▶ [TASK TO CARRY OUT]:
In the data below, set down exactly the lines from the one containing "fauteuil scandinave gris" up to and including the one containing "Blue silver photo". Leave the pictures out.

MATERIAL FOR THIS EXERCISE START

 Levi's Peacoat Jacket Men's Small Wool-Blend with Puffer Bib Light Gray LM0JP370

MATERIAL FOR THIS EXERCISE END
MATERIAL FOR THIS EXERCISE START

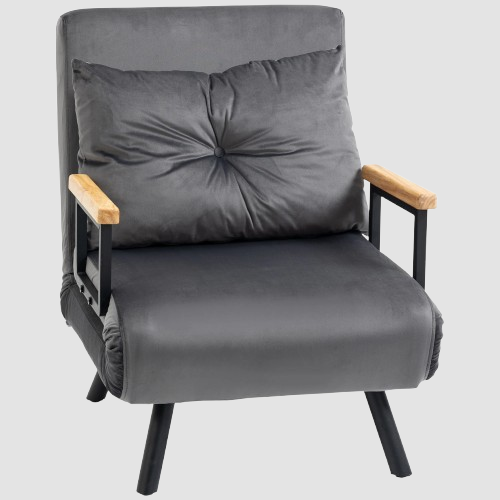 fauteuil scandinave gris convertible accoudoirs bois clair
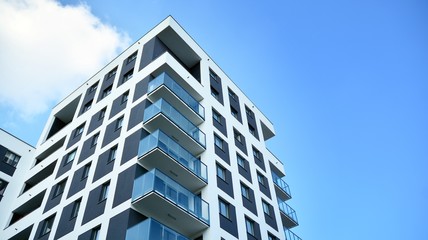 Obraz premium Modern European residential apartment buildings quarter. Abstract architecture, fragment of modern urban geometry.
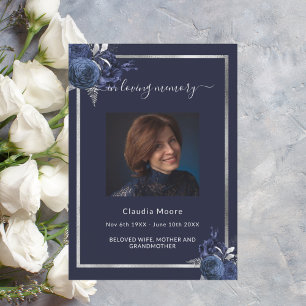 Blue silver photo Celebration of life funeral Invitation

MATERIAL FOR THIS EXERCISE END
MATERIAL FOR THIS EXERCISE START

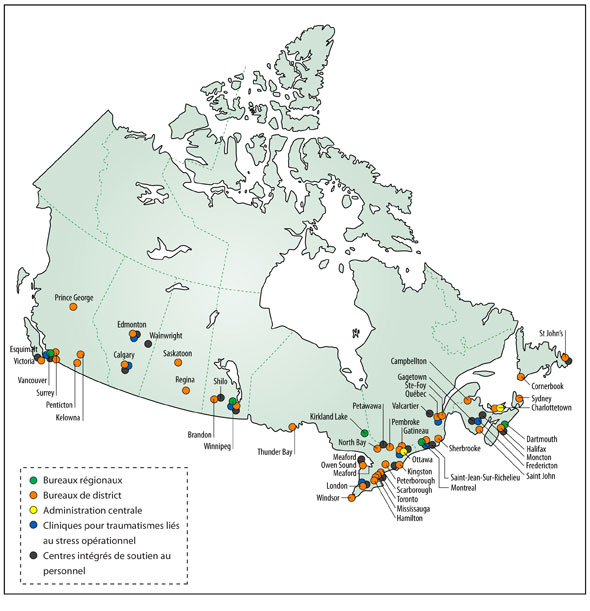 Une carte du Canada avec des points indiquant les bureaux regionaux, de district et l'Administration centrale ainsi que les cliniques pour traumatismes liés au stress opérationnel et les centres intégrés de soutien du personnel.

MATERIAL FOR THIS EXERCISE END

▶ [WRITTEN SOLUTION]:
 fauteuil scandinave gris convertible accoudoirs bois clair
 Obraz premium Modern European residential apartment buildings quarter. Abstract architecture, fragment of modern urban geometry.
 Blue silver photo Celebration of life funeral Invitation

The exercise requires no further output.